Matthew 6:1 – Beware that you do not do your charitable deeds before men in order to be seen by them.
Even our good deeds can be tainted by this subtle motivation. How much of our “ministry” is motivated by a desire to have people honor us and see us as righteous?
Matthew 6:5 – Do not be as the hypocrites, who love to pray standing in the synagogues and on the street corners in order to be seen by men.
In worship times and congregational meetings, are we secretly hoping that someone will notice how spiritual and “anointed” we are?
Matthew 6:7 – When you pray, do not heap up words like the Gentiles, thinking that they will be heard for their many words.
When we pray or teach or lead meetings, are we fascinated by the sound of our voice and think others love listening to that sound as well?
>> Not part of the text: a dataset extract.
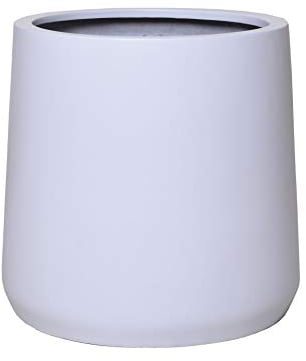 VIVANNO Pflanzkübel Frostsicher Wetterfest, Fiberglas Konischer Blumentopf für Außen und Innen, Weiß Matt, 40x38 cm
Matthew 6:16 – Do not be like the hypocrites, for they change the appearance of their faces in order to be seen as fasting by men.
Do you have a certain “super-spiritual” look that you put on your face when dealing with spiritual topics? Do you think that you will impress people by the way you look to think that you are serious and sincere, holy and loving, caring and concerned? Yeshua calls that “hypo”-“creed,” false or phony faith. Ouch!
And in rebuking the Pharisees, He added:
Matthew 23:5 – They do all their good works in order to be seen by men.
There seems to be a certain desire, prevalent among spiritual leaders, to have others look at us, or at least look at us with honor. (It’s almost like the reverse of the desire of the eyes to look upon a woman with lust – Matthew 5:28.)
I wonder why Yeshua repeats Himself so much? He seems to be awfully redundant here, don’t you think? Perhaps He repeats Himself so much because the problem repeats itself so often among so many spiritual leaders in so many different situations.
Yeshua also said that we are to desire that our good works be seen.
Mathew 5:16 – Let your light so shine before men in such a way that they may see your good works and glorify your Father in heaven.
The issue is not whether we are seen, but why? To what degree are we doing “good works” for God’s glory alone, or subtly deceiving ourselves to garner part of that glory for ourselves?